◆ **MATERIAL SUPPLIED**
=== Begin Enclosure ===

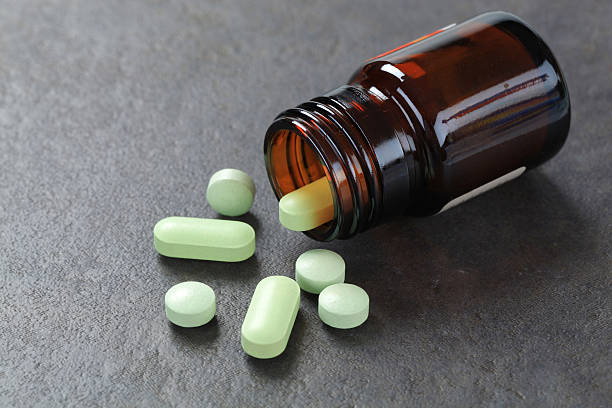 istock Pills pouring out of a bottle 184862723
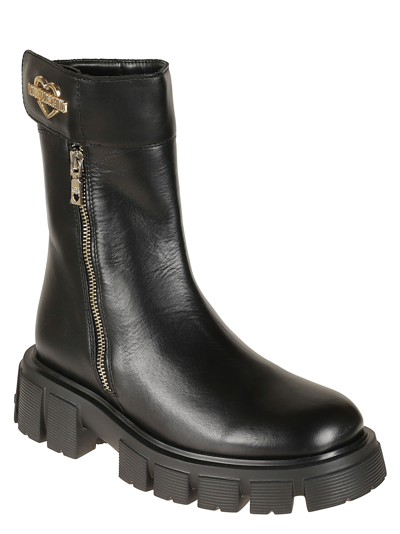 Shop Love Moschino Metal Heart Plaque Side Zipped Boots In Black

=== End Enclosure ===
=== Begin Enclosure ===

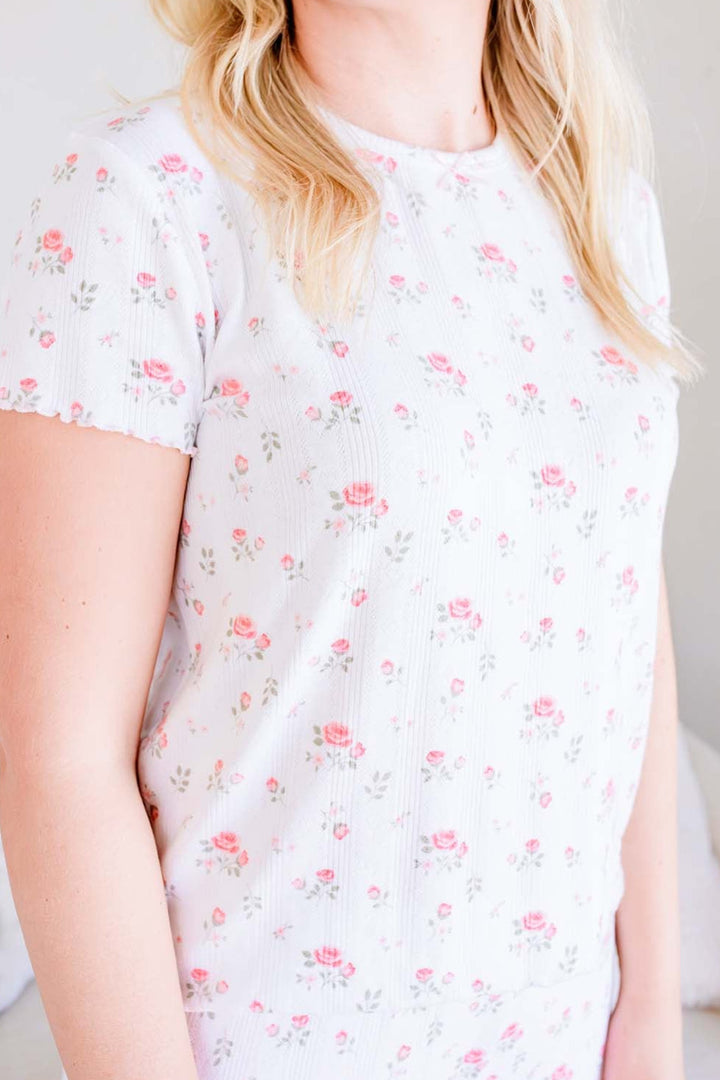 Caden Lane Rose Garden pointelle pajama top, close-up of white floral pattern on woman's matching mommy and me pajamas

=== End Enclosure ===

◆ **TO DO**
In the entries above, find the line containing "istock Pills pouring" and the line containing "Shop Love Moschino"; give again exactly those two lines and every line between them, minus the pictures.

◆ **RESPONSE**
 istock Pills pouring out of a bottle 184862723
 Shop Love Moschino Metal Heart Plaque Side Zipped Boots In Black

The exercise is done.